La reacción que se manifiesta ahora, que proclama como única expresión válida de europeísmo la necesidad de un aumento del gasto militar es así mismo una muestra de debilidad política. La UE no necesita un mayor gasto en armamento, y en particular no necesita alimentar los beneficios del complejo militar-industrial norteamericano, como están haciendo países como Polonia o los bálticos. España solo necesita el gasto militar que permita defender las fronteras de los peligros reales, no los imaginarios. Y aquellos solo son los que tienen reivindicaciones territoriales sobre partes del territorio español.

Ni Rusia, ni China, ni tampoco Irán son enemigos reales ni potenciales de la democracia española, por mucho que sus respectivas democracias sean manifiestamente mejorables.
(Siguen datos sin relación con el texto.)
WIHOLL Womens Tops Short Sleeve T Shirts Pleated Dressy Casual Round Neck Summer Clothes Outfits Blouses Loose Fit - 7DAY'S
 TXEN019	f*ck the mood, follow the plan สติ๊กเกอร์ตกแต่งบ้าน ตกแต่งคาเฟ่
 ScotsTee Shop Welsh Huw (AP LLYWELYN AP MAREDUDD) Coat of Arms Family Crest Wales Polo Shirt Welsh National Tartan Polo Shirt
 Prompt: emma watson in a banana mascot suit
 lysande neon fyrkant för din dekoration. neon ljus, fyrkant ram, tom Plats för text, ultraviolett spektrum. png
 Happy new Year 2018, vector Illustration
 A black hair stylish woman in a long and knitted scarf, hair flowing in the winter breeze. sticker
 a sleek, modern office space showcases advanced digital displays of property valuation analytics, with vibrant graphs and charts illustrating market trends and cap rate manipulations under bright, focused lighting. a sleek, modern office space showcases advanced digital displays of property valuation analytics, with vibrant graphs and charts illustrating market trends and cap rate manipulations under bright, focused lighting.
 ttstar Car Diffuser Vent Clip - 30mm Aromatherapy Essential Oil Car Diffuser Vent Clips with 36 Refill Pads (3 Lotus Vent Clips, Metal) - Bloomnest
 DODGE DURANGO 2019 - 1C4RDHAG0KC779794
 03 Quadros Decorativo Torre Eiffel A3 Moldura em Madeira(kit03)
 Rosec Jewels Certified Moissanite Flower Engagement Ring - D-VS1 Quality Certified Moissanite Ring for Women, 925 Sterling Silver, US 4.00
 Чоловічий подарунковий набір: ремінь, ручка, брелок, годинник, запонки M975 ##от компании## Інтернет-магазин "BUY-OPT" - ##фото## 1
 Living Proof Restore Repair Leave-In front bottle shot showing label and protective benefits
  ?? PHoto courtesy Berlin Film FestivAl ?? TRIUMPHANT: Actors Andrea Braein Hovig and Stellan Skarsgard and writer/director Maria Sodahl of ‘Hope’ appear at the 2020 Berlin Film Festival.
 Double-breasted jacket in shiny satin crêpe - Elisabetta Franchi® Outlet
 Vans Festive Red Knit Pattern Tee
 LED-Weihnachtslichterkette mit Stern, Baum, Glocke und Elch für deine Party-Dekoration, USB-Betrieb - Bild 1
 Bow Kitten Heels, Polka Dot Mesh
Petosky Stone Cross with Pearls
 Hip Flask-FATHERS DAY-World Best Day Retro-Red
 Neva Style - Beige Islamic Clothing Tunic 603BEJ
Una acción inteligente llevaría sí a reforzar la inversión en el tejido industrial militar asociado a proyectos de desarrollo tecnológico en el marco de nuevo armamento europeo, y olvidarse de compras de bombas, drones o aviones fabricados por otros, y que por mucho que la contabilidad nacional la denomine inversión, es en realidad un despilfarro en objetos llamados a convertirse en chatarrra oxidada antes de encontrar cualquier uso útil.

Y tampoco vendría mal en la UE un poco de humildad –que a tenor de las primeras declaraciones del próximo canciller conservador alemán, dispuesto a ningunear la legalidad de la Corte Penal Internacional para recibir al responsable del genocidio palestino, ni está ni se la espera– porque en el jardín comunitario se ha instalado el miedo a la verdad, sobre todo cuando esta confronta la propia imagen de superioridad moral y política de la que hace causa común la clase política europea. Como dice Andrea Zhok, uno de los analistas más lúcidos de la Europa actual, “la construcción sistemática de la mentira mediante la distracción, de la falsedad mediante el disimulo, éste es el verdadero juego del poder contemporáneo. Quien teniendo los medios intelectuales para comprenderlo no escapa a él es cómplice”.